The zombies are hyper-physical and mindless. There has been ample discourse on the dangers of detached minds,
those ruled by their minds, unfeeling, cold, and distant. Romero's zombies are radical speculations on the severed
body, the body without a mind, the amputee with a phantom mind. They are rabid embodiments of voracious
baroque capitalism, consuming machines of mass desire. Parables of the dead wasteland of capital (especially
in Dawn of the Dead, which takes place almost entirely within the confines of a shopping mall), these
films exhibit the uncontrollable, vengeful revolt of a disowned illegitimate sibling, our bodies. In a
Cartesian nightmare, the Cogito's docile other, anesthetized by reterritorialization, has become undead.
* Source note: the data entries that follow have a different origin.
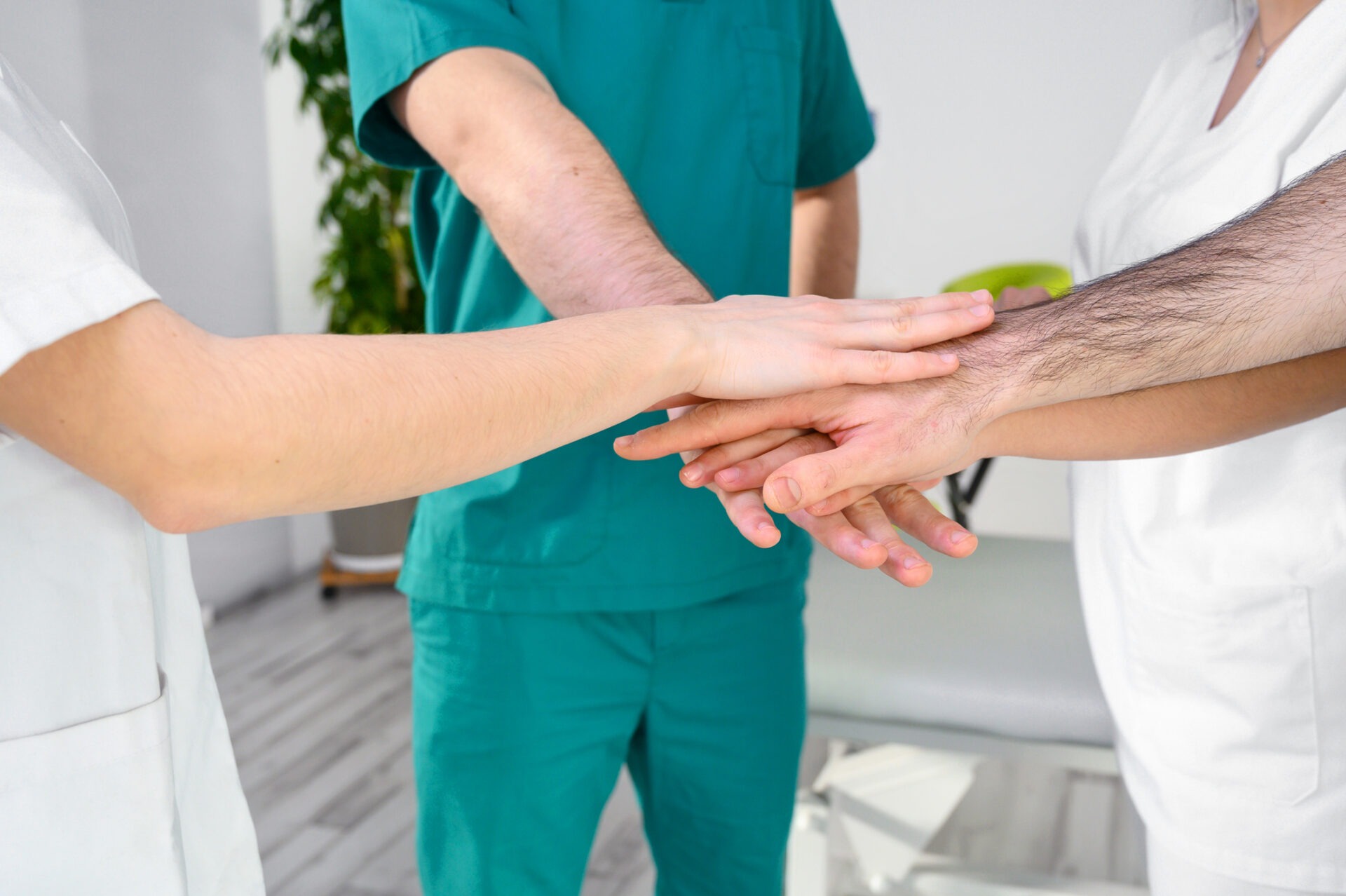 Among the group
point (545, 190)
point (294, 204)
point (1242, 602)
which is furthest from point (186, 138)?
point (1242, 602)

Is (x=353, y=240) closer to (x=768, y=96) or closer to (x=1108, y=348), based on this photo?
(x=768, y=96)

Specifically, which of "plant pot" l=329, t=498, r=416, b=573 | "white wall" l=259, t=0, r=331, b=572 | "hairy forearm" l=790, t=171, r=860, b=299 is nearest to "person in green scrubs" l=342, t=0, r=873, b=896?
"hairy forearm" l=790, t=171, r=860, b=299

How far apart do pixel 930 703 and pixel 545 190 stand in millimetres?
953

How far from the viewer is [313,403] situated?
569 millimetres

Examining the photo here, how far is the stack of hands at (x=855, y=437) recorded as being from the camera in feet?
2.91

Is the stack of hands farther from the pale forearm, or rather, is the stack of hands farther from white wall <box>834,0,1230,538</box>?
white wall <box>834,0,1230,538</box>

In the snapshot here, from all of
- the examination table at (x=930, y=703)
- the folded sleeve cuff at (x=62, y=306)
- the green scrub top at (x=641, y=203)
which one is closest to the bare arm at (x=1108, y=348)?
the green scrub top at (x=641, y=203)

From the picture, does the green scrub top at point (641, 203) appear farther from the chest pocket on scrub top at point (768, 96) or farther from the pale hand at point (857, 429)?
the pale hand at point (857, 429)

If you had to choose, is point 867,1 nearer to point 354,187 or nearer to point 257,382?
point 354,187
Zombies have turned on the system that produced them; they are carcinogenic monsters metastasizing through
the orderly strip malls of capital. Their lack has become pure. Free from any drive toward commodification,
they are delirious examples of innocent, ecstatic process. Like the vampire and cyborg, these undead appear
to have a contingent immortality, left to their own devices they will remain undead, they will not die a
natural death.
4.2. Deterritorialized Referents
Each of these figures-Haraway's female cyborg and vampire, Romero's zombie-is an illegitimate child outside
the cycles of lack and accumulation that produced them. They feel no allegiance to parents. The cyborg, the
vampire, and the zombie have lost their original referents, become unanchored from meaning, from life, and
from the hegemonic discourses of biology, economy, family, and social value. The already dead have no fear,
no investment in salvation, and no moral imperatives. Capitalism has no leverage with them. Similarly, the
avatar needs to become undead: to step outside of biological discourse, detach from the referents that bind
it to mind/body bifurcation, lack-based desire, and cycles of commodity exchange.
5.0. Manifesto
This Manifesto is a call to artists, netomanics, software, hardware, and wetware designers, creative directors,
teachers, scientists, slackers, hackers, CEOs, students, cyborgs, zombies, vampires, working groups,
technology officers, specialists, politicians, surgeons, doctors, rappers, rockers, and clowns, a call to
cast off the dumbing-down manacles of wholistics, universals, boundaries, acceptablilities, salvations, moral
imperatives, family values, personal fantasies, dualisms, and "the God trick" (Haraway, "Actors are Cyborg" 22).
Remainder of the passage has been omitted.